- Exercise details: From the records below, please repeat exactly the line that has "Porsche 911 Wall", the line that has "Image 27037709 - Keschan", and every line between them, and nothing else.

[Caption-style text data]

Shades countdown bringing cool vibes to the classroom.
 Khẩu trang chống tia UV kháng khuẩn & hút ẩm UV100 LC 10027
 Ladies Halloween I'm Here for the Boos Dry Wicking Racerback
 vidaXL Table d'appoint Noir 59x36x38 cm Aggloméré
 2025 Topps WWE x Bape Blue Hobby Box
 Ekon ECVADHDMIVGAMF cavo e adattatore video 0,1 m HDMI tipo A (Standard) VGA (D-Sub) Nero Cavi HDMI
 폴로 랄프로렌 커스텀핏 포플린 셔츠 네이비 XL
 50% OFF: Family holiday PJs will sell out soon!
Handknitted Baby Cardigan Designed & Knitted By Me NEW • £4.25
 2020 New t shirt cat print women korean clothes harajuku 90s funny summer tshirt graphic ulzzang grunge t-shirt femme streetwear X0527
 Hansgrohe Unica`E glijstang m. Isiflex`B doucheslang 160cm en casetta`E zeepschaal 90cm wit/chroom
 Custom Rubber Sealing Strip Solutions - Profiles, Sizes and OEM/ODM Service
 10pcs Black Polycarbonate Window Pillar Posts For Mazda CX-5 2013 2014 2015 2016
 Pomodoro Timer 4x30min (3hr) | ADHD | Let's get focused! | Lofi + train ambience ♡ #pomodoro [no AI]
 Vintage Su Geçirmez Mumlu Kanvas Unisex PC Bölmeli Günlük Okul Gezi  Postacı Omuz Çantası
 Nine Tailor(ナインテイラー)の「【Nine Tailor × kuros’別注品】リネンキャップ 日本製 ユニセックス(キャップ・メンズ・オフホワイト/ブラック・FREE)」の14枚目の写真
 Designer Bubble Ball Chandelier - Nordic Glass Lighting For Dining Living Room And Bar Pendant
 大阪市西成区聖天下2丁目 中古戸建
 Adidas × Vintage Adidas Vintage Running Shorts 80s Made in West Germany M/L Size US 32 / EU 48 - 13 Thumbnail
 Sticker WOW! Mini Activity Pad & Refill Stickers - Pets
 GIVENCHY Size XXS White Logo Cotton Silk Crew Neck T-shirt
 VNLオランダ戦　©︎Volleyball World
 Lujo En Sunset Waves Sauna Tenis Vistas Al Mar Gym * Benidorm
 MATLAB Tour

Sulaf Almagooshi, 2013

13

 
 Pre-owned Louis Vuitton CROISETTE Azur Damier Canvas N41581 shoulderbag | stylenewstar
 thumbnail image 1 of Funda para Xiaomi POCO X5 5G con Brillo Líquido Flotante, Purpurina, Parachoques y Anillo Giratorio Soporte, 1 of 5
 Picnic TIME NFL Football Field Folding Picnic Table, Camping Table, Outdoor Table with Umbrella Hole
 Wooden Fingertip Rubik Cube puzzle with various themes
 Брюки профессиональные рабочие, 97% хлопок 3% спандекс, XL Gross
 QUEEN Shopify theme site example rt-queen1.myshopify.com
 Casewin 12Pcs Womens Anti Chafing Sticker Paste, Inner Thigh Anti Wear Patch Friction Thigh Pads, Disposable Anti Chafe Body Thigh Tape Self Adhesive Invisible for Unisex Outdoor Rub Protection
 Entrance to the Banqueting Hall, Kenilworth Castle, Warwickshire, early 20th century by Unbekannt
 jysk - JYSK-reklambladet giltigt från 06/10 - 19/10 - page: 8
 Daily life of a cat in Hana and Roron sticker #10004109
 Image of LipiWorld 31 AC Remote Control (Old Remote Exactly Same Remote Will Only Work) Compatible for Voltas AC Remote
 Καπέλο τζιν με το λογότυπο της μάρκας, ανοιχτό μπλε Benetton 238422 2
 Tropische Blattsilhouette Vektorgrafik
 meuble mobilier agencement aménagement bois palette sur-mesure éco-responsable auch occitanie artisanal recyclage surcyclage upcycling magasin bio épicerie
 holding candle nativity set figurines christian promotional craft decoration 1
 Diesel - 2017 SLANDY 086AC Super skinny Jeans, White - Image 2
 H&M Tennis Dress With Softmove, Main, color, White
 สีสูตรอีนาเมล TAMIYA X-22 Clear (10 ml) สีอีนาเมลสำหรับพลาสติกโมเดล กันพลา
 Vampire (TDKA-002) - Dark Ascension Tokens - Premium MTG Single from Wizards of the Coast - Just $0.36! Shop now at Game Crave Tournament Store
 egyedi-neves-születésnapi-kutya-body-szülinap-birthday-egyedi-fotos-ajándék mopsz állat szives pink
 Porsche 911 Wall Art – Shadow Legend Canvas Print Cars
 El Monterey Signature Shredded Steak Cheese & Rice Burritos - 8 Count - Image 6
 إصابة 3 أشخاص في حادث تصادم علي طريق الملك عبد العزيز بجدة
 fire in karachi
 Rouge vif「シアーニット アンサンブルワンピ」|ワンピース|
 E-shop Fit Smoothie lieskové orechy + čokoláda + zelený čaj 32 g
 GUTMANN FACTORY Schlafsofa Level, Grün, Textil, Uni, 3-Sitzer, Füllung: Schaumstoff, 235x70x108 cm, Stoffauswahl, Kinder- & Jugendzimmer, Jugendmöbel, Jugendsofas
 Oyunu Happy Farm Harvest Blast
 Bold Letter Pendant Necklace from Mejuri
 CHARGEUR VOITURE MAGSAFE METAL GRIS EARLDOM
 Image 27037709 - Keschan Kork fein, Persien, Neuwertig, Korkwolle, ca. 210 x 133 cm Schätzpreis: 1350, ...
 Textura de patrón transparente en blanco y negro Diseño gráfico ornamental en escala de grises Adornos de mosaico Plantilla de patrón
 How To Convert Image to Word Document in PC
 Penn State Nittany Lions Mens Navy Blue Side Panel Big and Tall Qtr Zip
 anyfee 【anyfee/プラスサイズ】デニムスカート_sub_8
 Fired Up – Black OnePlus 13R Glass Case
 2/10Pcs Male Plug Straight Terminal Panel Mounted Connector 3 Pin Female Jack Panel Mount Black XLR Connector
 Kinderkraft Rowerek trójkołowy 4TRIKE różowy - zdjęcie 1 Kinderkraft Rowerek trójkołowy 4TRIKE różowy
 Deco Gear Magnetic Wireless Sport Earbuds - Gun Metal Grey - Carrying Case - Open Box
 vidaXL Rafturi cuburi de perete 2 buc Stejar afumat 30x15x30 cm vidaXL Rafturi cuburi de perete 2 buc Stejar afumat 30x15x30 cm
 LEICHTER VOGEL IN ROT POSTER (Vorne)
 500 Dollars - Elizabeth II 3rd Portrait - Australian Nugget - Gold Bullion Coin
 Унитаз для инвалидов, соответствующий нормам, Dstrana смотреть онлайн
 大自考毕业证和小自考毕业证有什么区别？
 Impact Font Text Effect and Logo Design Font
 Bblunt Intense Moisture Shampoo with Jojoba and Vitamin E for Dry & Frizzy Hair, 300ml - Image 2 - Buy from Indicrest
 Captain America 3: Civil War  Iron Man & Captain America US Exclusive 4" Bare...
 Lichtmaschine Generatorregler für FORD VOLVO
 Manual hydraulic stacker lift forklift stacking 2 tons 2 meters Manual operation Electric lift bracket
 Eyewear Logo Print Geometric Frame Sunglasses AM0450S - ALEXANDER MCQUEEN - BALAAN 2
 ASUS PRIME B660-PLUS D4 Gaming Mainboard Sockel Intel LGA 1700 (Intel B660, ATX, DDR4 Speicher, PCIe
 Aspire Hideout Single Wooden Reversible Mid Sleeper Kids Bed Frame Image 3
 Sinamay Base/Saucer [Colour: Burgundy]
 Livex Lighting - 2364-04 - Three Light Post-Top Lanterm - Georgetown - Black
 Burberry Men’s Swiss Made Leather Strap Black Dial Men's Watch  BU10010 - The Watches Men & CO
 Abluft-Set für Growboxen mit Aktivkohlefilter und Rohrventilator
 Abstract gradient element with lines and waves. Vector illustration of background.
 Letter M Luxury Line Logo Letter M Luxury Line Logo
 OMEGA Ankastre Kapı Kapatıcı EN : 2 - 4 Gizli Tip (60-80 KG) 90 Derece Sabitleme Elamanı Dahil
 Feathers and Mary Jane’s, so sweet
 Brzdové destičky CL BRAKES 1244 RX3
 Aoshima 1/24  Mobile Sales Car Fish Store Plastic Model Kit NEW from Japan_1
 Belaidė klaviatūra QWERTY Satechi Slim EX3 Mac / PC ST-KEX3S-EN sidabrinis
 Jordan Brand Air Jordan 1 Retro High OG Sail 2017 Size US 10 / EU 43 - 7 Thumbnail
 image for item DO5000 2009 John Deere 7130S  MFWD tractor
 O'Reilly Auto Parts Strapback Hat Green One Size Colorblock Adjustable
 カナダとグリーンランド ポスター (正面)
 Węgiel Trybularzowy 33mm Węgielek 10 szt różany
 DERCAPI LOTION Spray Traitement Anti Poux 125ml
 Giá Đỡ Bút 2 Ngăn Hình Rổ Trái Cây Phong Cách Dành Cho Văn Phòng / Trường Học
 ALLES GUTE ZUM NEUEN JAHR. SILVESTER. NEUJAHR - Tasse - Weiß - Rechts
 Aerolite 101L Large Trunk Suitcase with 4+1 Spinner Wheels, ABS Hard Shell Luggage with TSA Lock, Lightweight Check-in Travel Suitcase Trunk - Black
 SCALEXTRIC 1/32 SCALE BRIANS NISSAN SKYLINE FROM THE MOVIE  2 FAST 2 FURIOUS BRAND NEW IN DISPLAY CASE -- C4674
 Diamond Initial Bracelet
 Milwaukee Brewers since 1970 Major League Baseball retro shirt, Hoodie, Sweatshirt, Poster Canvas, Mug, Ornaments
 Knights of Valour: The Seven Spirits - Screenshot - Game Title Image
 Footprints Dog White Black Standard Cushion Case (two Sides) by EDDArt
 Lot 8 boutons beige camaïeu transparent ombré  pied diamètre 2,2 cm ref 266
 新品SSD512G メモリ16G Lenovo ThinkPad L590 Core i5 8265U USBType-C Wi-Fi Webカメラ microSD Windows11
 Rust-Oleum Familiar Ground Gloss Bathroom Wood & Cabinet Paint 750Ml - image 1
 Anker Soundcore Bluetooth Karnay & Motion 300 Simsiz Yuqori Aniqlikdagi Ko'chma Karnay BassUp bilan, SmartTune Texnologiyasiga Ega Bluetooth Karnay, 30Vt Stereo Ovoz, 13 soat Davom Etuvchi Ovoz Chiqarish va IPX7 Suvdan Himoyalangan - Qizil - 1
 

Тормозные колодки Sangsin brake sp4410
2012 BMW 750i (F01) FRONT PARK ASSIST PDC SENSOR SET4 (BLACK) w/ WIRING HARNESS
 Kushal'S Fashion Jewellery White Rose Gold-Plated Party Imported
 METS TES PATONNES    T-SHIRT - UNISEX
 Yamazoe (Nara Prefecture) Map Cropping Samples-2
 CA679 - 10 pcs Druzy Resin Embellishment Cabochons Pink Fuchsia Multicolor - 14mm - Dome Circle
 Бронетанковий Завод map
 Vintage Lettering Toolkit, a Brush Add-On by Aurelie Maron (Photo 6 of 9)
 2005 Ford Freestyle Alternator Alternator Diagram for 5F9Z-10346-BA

- Response to the task:
 Porsche 911 Wall Art – Shadow Legend Canvas Print Cars
 El Monterey Signature Shredded Steak Cheese & Rice Burritos - 8 Count - Image 6
 إصابة 3 أشخاص في حادث تصادم علي طريق الملك عبد العزيز بجدة
 fire in karachi
 Rouge vif「シアーニット アンサンブルワンピ」|ワンピース|
 E-shop Fit Smoothie lieskové orechy + čokoláda + zelený čaj 32 g
 GUTMANN FACTORY Schlafsofa Level, Grün, Textil, Uni, 3-Sitzer, Füllung: Schaumstoff, 235x70x108 cm, Stoffauswahl, Kinder- & Jugendzimmer, Jugendmöbel, Jugendsofas
 Oyunu Happy Farm Harvest Blast
 Bold Letter Pendant Necklace from Mejuri
 CHARGEUR VOITURE MAGSAFE METAL GRIS EARLDOM
 Image 27037709 - Keschan Kork fein, Persien, Neuwertig, Korkwolle, ca. 210 x 133 cm Schätzpreis: 1350, ...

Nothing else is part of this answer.